┌────────
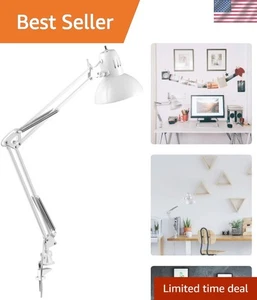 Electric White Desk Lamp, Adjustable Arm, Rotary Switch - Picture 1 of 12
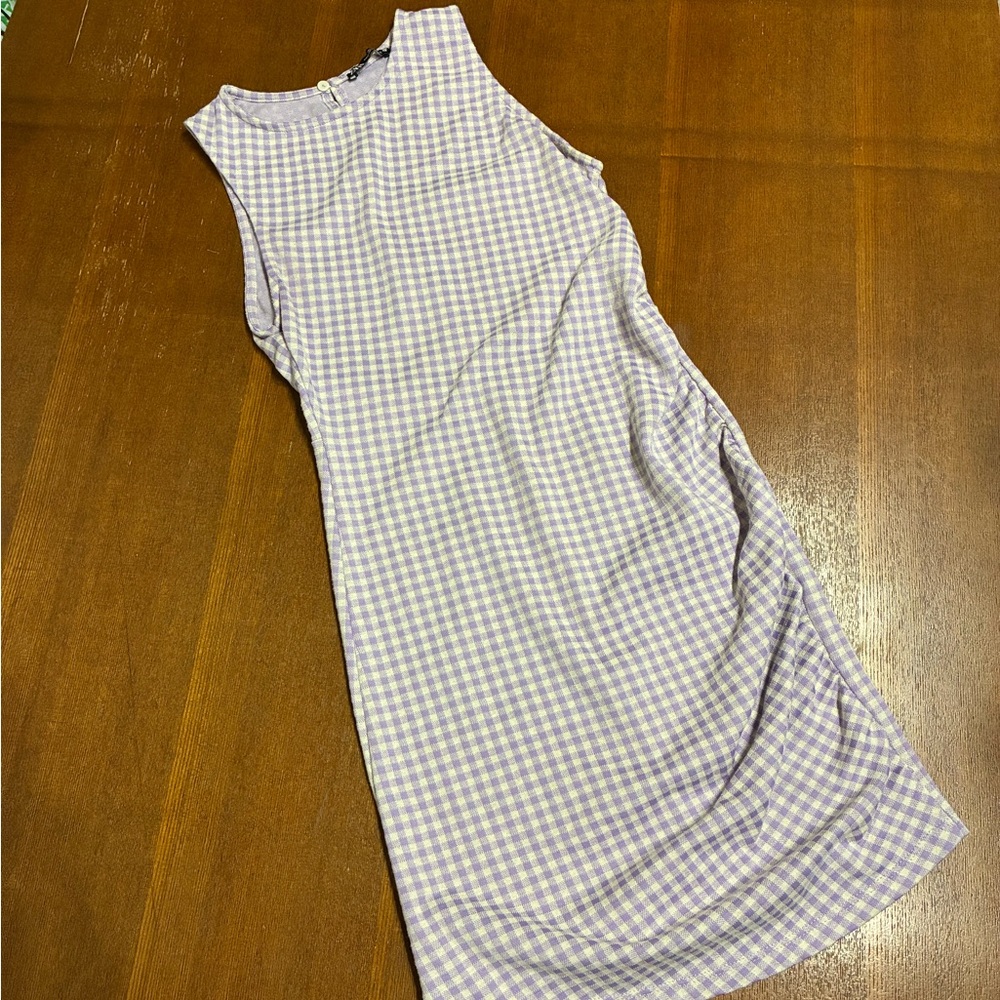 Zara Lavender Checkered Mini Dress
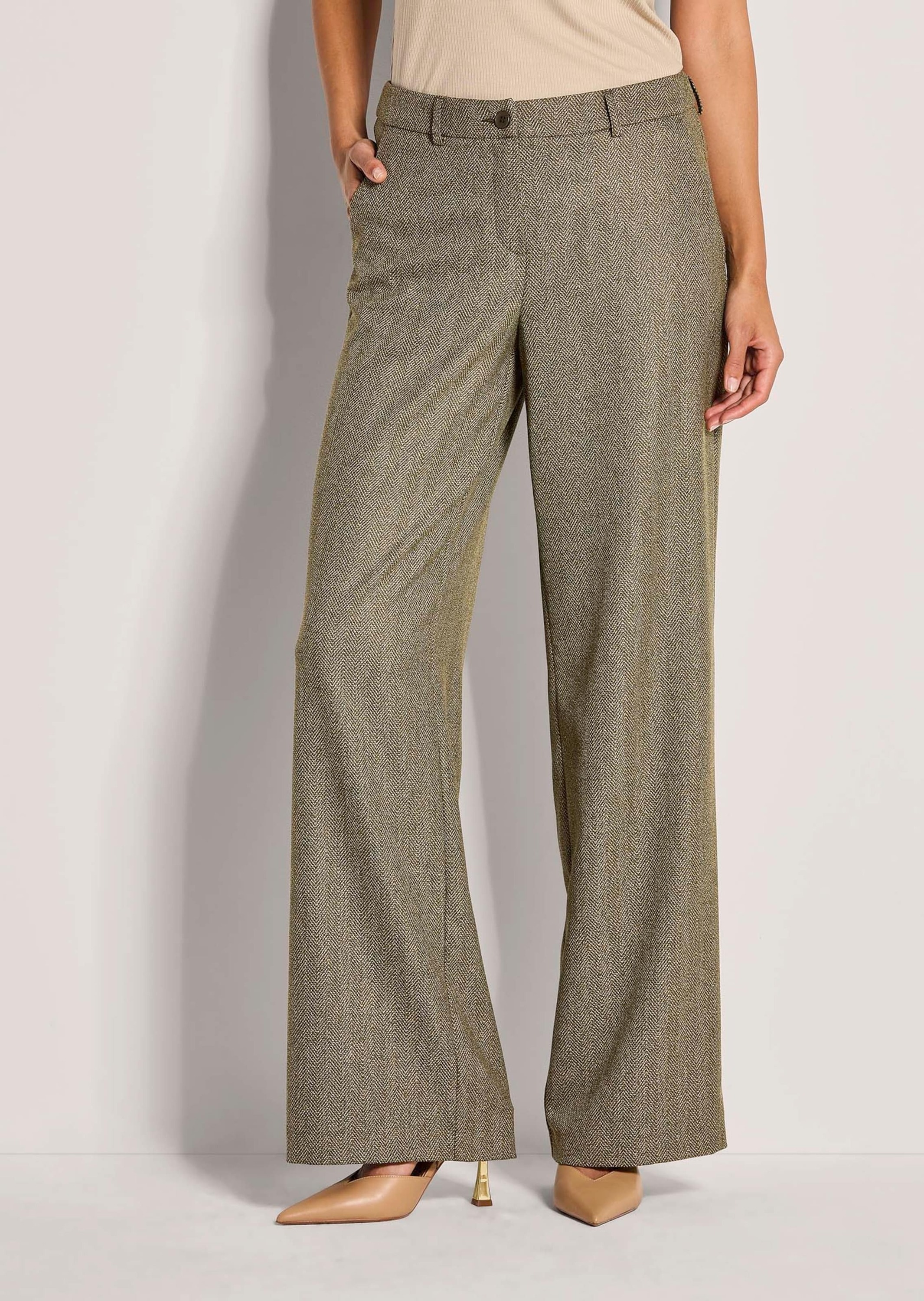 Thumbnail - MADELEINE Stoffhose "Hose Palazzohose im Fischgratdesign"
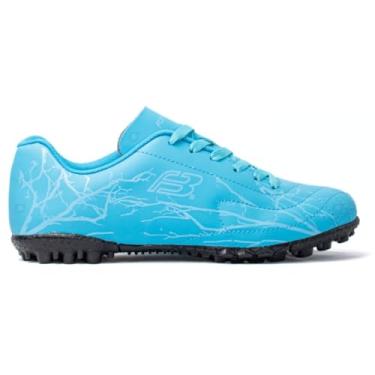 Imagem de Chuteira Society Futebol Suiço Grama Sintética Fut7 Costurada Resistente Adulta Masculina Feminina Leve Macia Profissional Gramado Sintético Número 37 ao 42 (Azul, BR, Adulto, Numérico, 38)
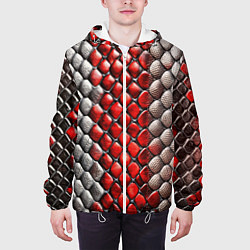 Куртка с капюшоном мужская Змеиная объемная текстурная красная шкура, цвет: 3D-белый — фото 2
└────────
Above are records; repeat only the lines from the line with "Zara Lavender Checkered Mini Dress" through the line with "Imagem de Chuteira", and leave pictures out.

◆ Final answer
 Zara Lavender Checkered Mini Dress
 Thumbnail - MADELEINE Stoffhose "Hose Palazzohose im Fischgratdesign"
 Imagem de Chuteira Society Futebol Suiço Grama Sintética Fut7 Costurada Resistente Adulta Masculina Feminina Leve Macia Profissional Gramado Sintético Número 37 ao 42 (Azul, BR, Adulto, Numérico, 38)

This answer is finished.